Thanks for the advice MarkHB, I shall try that. With regards to heating the machine up, if I run hot water through the Smeg it actually comes through the frother spout rather than the filter part, will this still warm the machine up the same?


----------



## MarkHB (Jun 12, 2020)

snerkler said:


> Thanks for the advice MarkHB, I shall try that. With regards to heating the machine up, if I run hot water through the Smeg it actually comes through the frother spout rather than the filter part, will this still warm the machine up the same?


 No problem! Sorry, I should have clarified that for you. The hot water that comes from the steam wand is used for making Americanos and the like. You should be able to just pull a "blank shot" through your filter basket. So just press the button you would use to make your espresso, but without any coffee in the basket. Depending on how your machine functions you may be able to program one of the buttons, if you don't use it, to put out the desired amount of water. Otherwise you might have to press the shot button a number of times to make sure the machine is fully warmed up.

Hope that helps!


----------



## MarkHB (Jun 12, 2020)

Just another thing to point out.
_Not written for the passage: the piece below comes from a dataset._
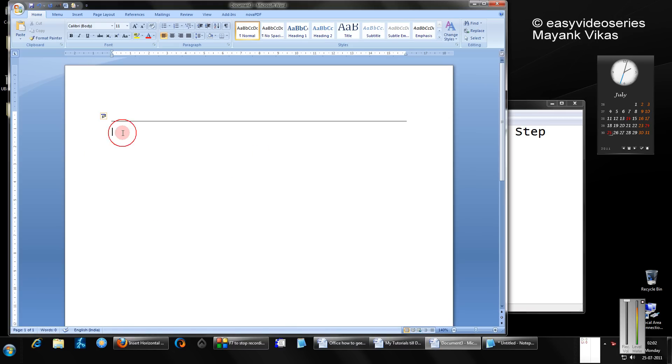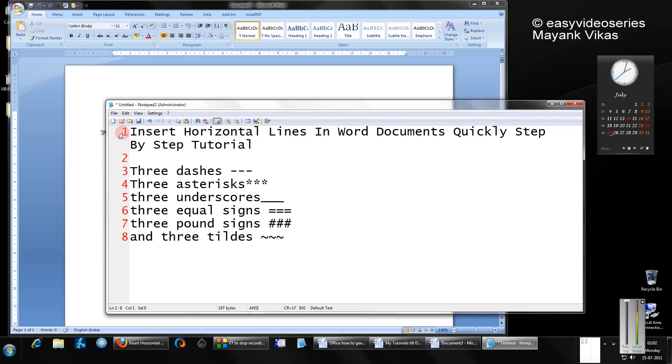Now with three asterisks, let's see the pattern. Three asterisks, Enter. Oh, nice one.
If the above doesn't work, another thing that has an affect on the temperature of the shot is the grind size of the coffee you are using. So if you are using pre ground coffee it will be more difficult to get the right temperature than if you are grinding your own fresh coffee to the appropriate grind size. It shouldn't have as big of an effect if you are using pressurised filter baskets though.


----------



## snerkler (Dec 4, 2020)

MarkHB said:


> No problem! Sorry, I should have clarified that for you. The hot water that comes from the steam wand is used for making Americanos and the like. You should be able to just pull a "blank shot" through your filter basket. So just press the button you would use to make your espresso, but without any coffee in the basket. Depending on how your machine functions you may be able to program one of the buttons, if you don't use it, to put out the desired amount of water. Otherwise you might have to press the shot button a number of times to make sure the machine is fully warmed up.
> 
> Hope that helps!


 Ah OK, it has preset amounts (1 or 2 'cups') but you can just press and hold it to manually dispense the water.



MarkHB said:


> Just another thing to point out. If the above doesn't work, another thing that has an affect on the temperature of the shot is the grind size of the coffee you are using. So if you are using pre ground coffee it will be more difficult to get the right temperature than if you are grinding your own fresh coffee to the appropriate grind size. It shouldn't have as big of an effect if you are using pressurised filter baskets though.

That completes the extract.